The spiral sand washing machine is the core equipment for purifying and
cleaning finished sand in large-scale quartz sand production lines (with a daily
processing capacity of ≥ 3000 tons). It is responsible for removing soil, dust,
and impurities from the surface of quartz sand (with a required cleanliness of ≥
98% and impurity content ≤ 0.5%), while completing dehydration operations,
directly determining the quality level and market competitiveness of finished
sand. If there is poor cleanliness (impurity content exceeding 2%), frequent
equipment blockage (more than 3 times a week), and low operating efficiency, it
will lead to unqualified finished sand, production line material breakage, and
significantly increase production costs. Based on the characteristics of quartz
sand cleaning process, summarize a three-step optimization plan to
comprehensively improve the operational stability and cleaning effect of the
spiral sand washing machine.
Step 1: Optimize the spiral structure and wear-resistant configuration,
strengthen cleaning and conveying capabilities
The rapid wear and tear of spiral blades, improper rotation speed, or lining
plate failure are the core reasons for poor cleanliness and blockage, which
require targeted adaptation to cleaning needs.

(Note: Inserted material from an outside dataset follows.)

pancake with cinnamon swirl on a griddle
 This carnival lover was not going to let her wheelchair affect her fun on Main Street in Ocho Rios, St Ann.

Optimization of spiral blades and lining plates: ordinary steel plate blades
are selected. When facing quartz sand, friction and wear are fast, and the blade
thickness is reduced by more than 5mm, resulting in a decrease in pushing force;
The lack of wear-resistant lining plate causes the groove to wear out and the
cleaning trajectory to deviate. Replace the high chromium alloy spiral blades
(thickness ≥ 12mm, surface hardening treatment), improve wear resistance by more
than 3 times, and extend service life to over 1500h; Install polyurethane
wear-resistant lining plate (thickness 8-10mm) on the inner wall of the tank to
reduce material wear and minimize sand particle adhesion; Adjust the spacing
between spiral blades to 200-250mm, increase the frequency of material flipping,
enhance the adequacy of sand water contact, and achieve more thorough impurity
stripping.
Accurate control of spiral rotation speed: If the rotation speed is below
15r/min, the material flipping is not sufficient, and the soil cannot
effectively detach from the sand particles; Above 30r/min, excessive water flow
disturbance leads to the loss of fine sand and a significant increase in energy
consumption. Stabilize the speed at 20-25r/min through a variable frequency
speed control system, balancing cleaning effectiveness and resource
conservation; For quartz sand with high mud content, the rotation speed can be
adjusted to 23-25r/min to enhance the mixing and cleaning strength; Regularly
check the concentricity of the spiral shaft, with a deviation controlled within
0.5mm, to avoid incomplete cleaning caused by running shaking.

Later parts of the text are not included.